**** Extracted information ****

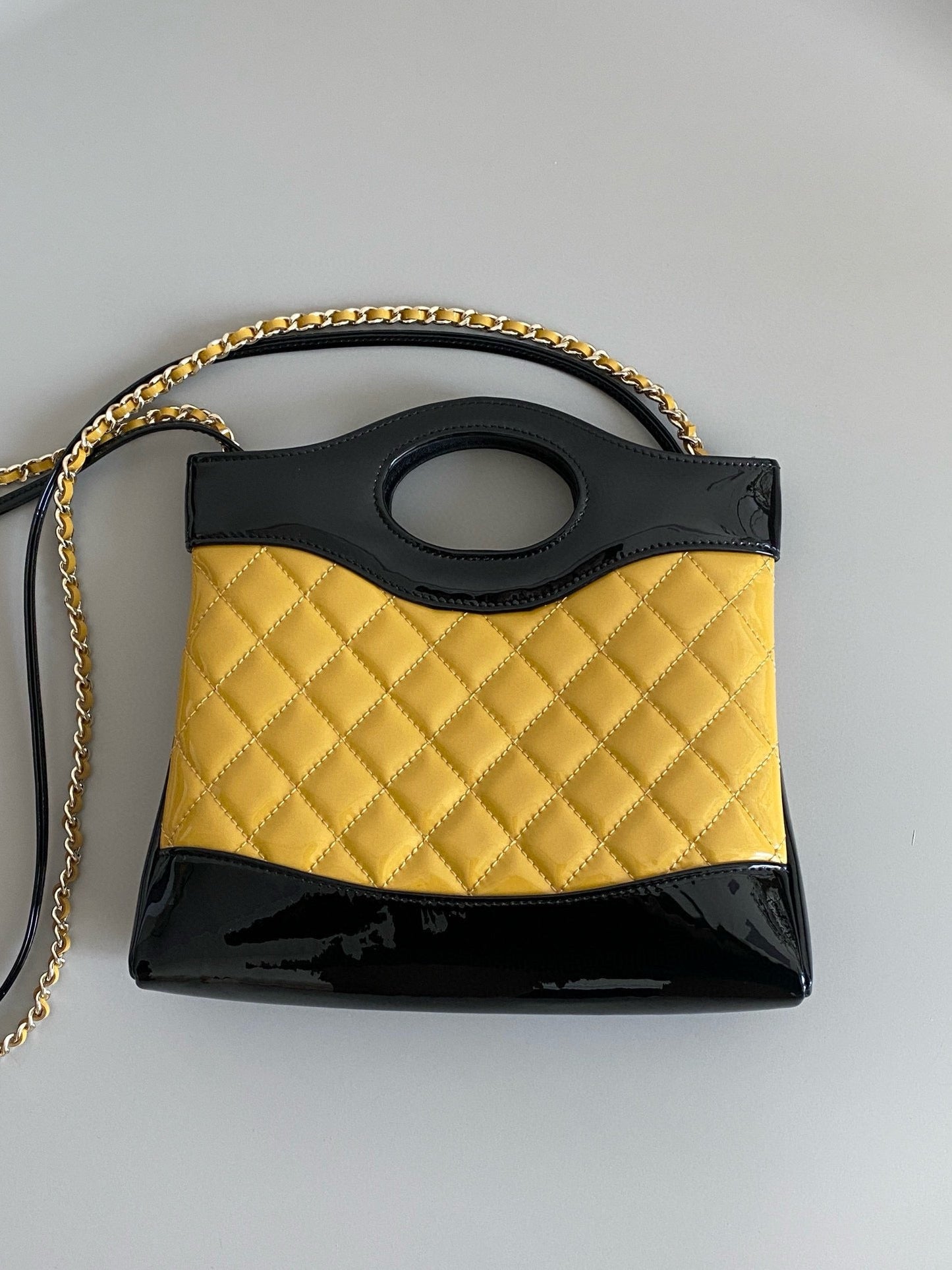 23a cc 31 mini shopping bag 23cm yellow black patent calfskin mysite
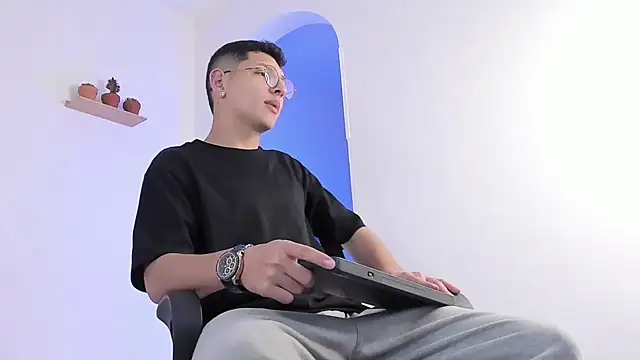 a lejandro 0 8 online show from February 2025 07:38:02 PM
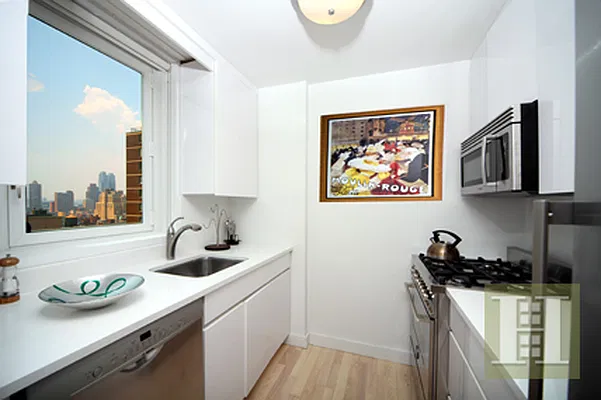 Rented by Halstead Real Estate | media 30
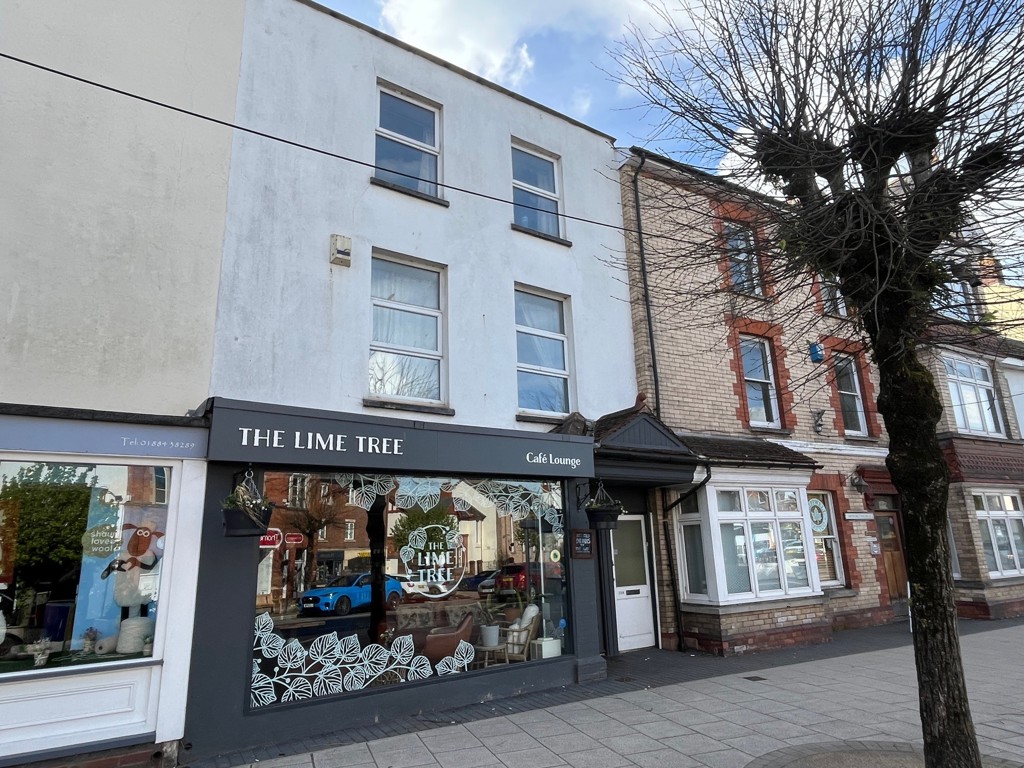 10 High Street, Cullompton, Devon, EX15 1AA - Stratton Creber Commercial | Commercial property agents Plymouth, Exeter Truro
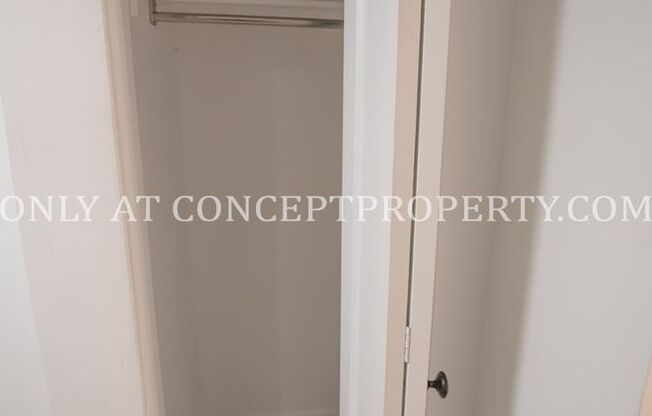 1 bed, 1 bath, 570 sqft, $1,349, Unit 07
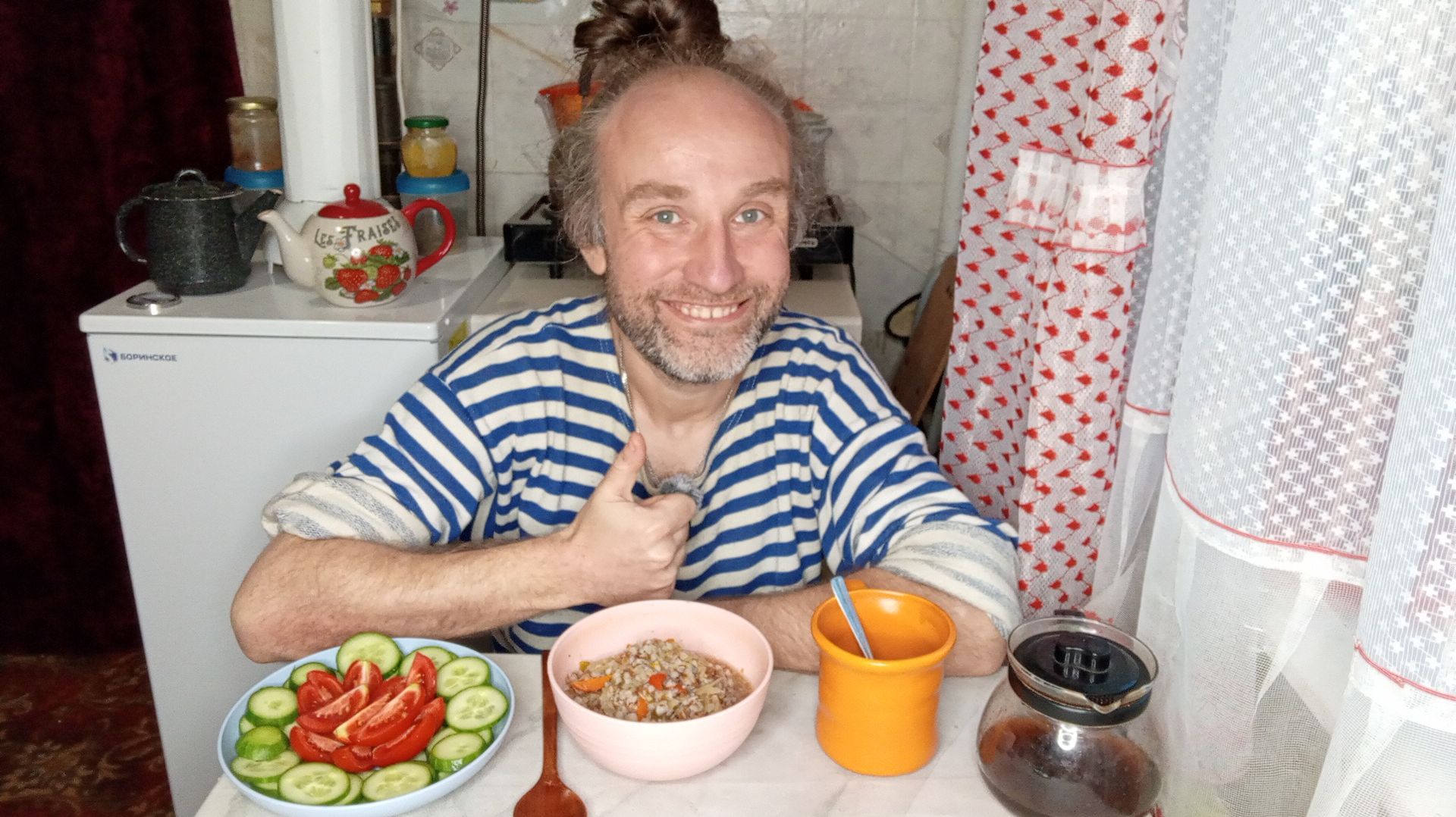 Обед с котями. Всякое дыхание да хвалит Господа. Мукбанг. Обжор. Еда на камеру. Диета. Шизофрения.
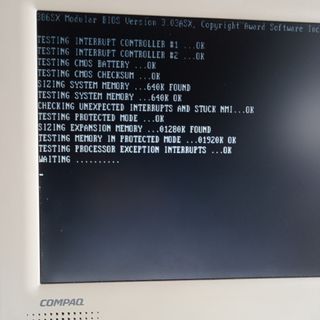 Canon A-200SV 386SX 2 mb ram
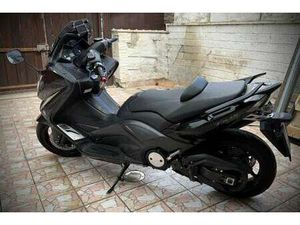 YAMAHA TMAX 530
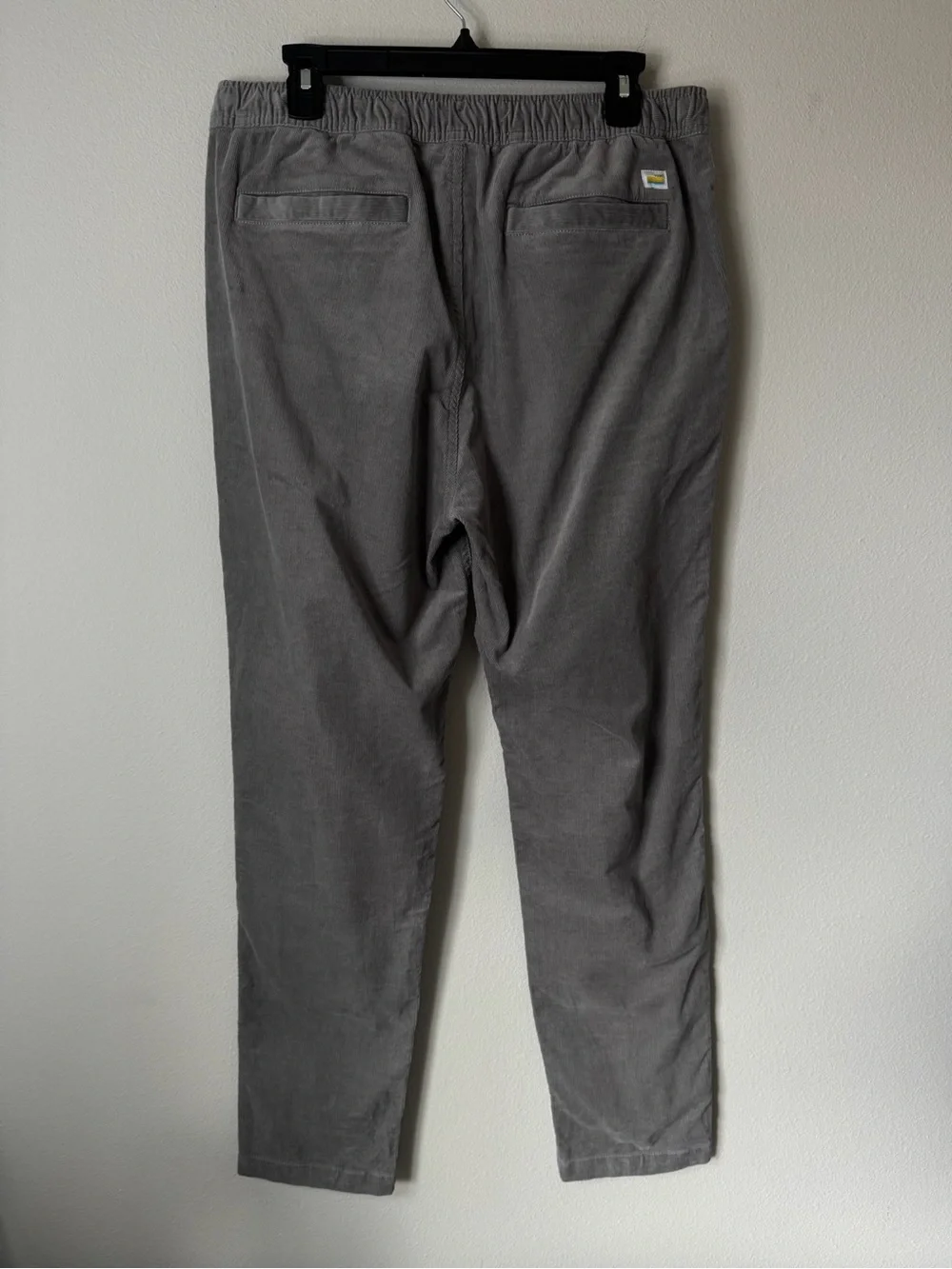 Vuori Optimist Pants Shitake Gray Corduroy Elastic Waist Drawstring Men’s Sz L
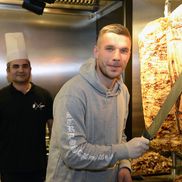 Lukas Podolski, jucător emblematic al fotbalului german, devenit „Regele Kebabului” / Foto: Imago Images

****

* Work instructions *
Would you restate word for word only the lines from the one containing "Canon A-200SV 386SX 2 mb ram" to the final line of the material, both ends included, without any pictures?

* Response below *
 Canon A-200SV 386SX 2 mb ram
 YAMAHA TMAX 530
 Vuori Optimist Pants Shitake Gray Corduroy Elastic Waist Drawstring Men’s Sz L
 Lukas Podolski, jucător emblematic al fotbalului german, devenit „Regele Kebabului” / Foto: Imago Images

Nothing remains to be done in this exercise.